While we're at it, let's suppose this five-dimensional model is deterministic in the sense that, in principle, the state of spacetime at one moment in meta-time completely determines the state of spacetime at all later moments in meta-time. And let's also suppose the five-dimensional model is local in the sense that changes to spacetime (whatever they are) propagate, over meta-time, at some maximum rate. (So if you hop in your TARDIS and make a change to history on a particular day in 1963 London, that change to history propagates outward in space at, say, no more than 300,000km per meta-second, and propagates forward and backward in time at no more than one second per meta-second.)
That bit of math I mentioned earlier, in which the QM probability distribution of Bell's Theorem is reproduced? That can be made to use just this kind of model — a five-dimensional system, with three dimensions of space, one of time, and one of meta-time, with determinism and locality relative to meta-time. Granted, it's only a toy: it's nothing like a serious attempt to model reality with any generality at all, just a one-off model describing the particular experimental set-up of Bell's Theorem.
I've got one more suggestion to make, though. And I still won't have a full-blown theory, such as Bohm had (there's stuff Bohm's theory didn't include, but it did have some generality to it), but imho this last point is worth the price of admission. I wouldn't call it "compelling", because atm this is all too outre to be compelling, but I for one found it... remarkable. When I first saw it, it actually made me laugh out loud.Metaclassical physics
Wondering what a full-blown theory of physics of this sort might look like, I tried to envision what sorts of things would inhabit this five-dimensional model.
In classical physics, as remarked, space contains point particles interacting with fields. And when you add in time, those things that used to look like point particles appear instead as one-dimensional curves, tracing the motion of the particle through spacetime. I was momentarily perplexed when I tried to add in meta-time. Would the three events in Bell's experiment, two observations and one generation, interact through vibrations in these one-dimensional curves traced through spacetime? Modern string theory does make a big thing out of stuff vibrating. Also, though, a one-dimensional curve vibrating, or otherwise evolving, over meta-time traces out a two-dimensional surface in the five-dimensional space-time-metatime continuum. We set out on this journey hoping to simplify things, hoping ideally to strike on the natural structure of physical reality and achieve resonance (the ring of truth?).

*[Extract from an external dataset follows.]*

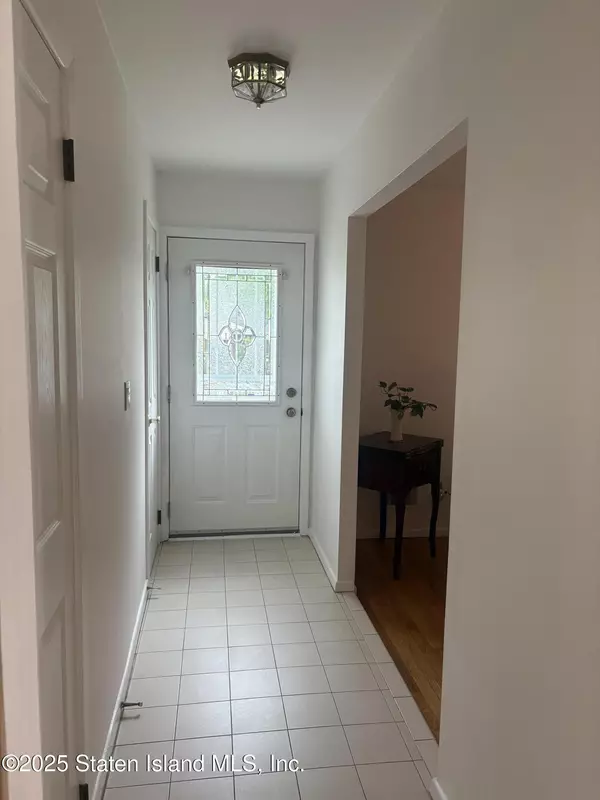 Staten Island, NY 10306,351 8th ST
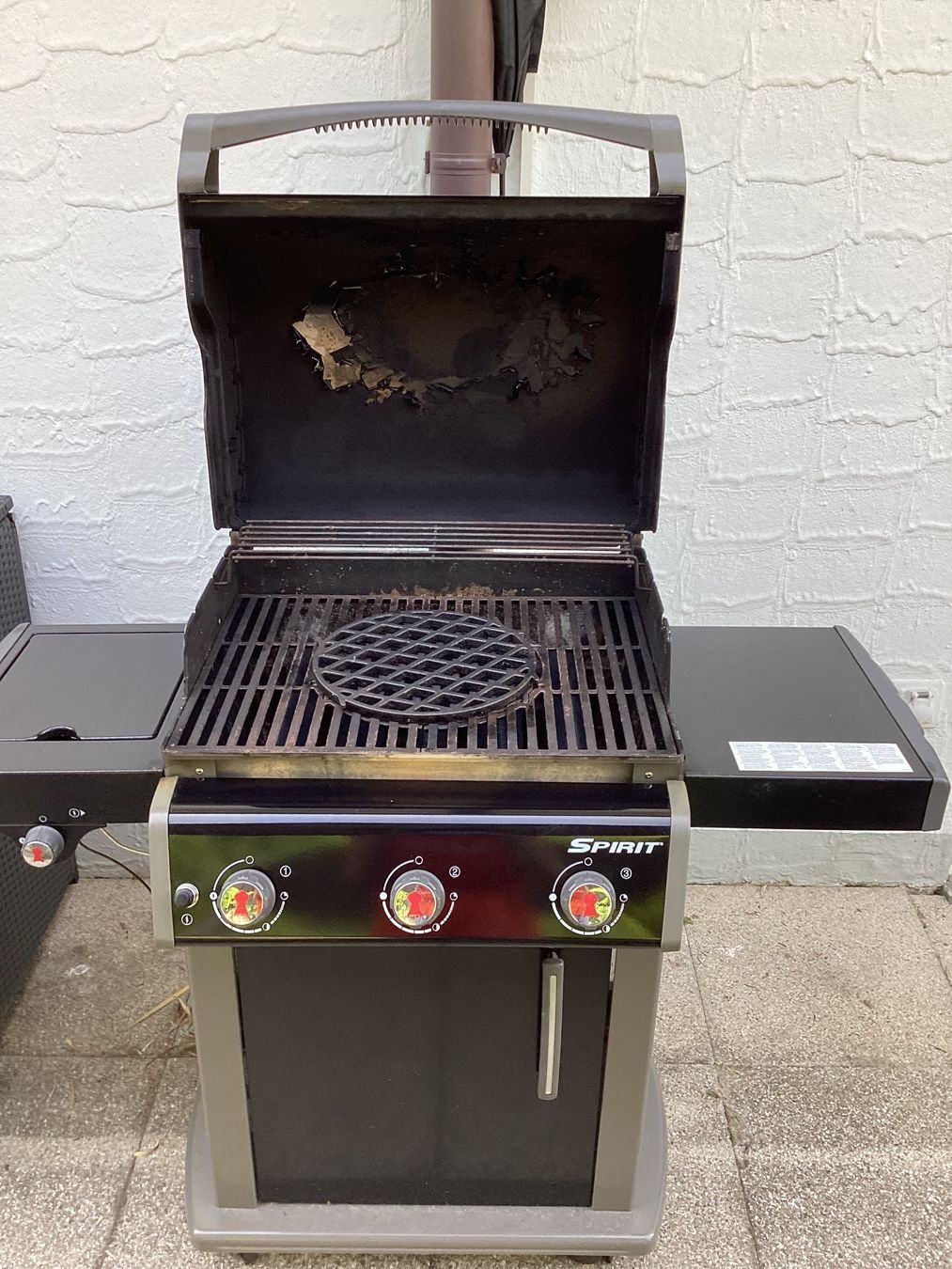Weber Grills: Weber Grill Spirit E-320 mit neuen flavorizer Bars – Gebraucht aus Vezia von  1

But wait. Why have point particles in space? Point particles in classical physics are nice because of the shape of the theory they produce – but points in space don't produce that shape of theory when they're moving through both time and meta-time. And those one-dimensional curves in spacetime don't play nearly such a central role in QM, notwithstanding they make a sort of cameo appearance in Feynman's path integral formulation.
What is really fundamental to QM is the elephant in the room, the thing that makes such a hideous mess out of QM mathematics: observation, known at up-scale parties as wave function collapse. QM views spacetime as a continuum punctuated by zero-dimensional spacetime events — essentially, observations.
And as spacetime evolves over meta-time, a zero-dimensional spacetime event traces out a one-dimensional curve.
So now, apparently, we have a theory in which a continuum is populated by zero-dimensional points and fields, evolving deterministically over a separate dimension with a maximum rate of propagation. Which is so much like classical physics that (as mentioned) when I saw it I laughed out loud.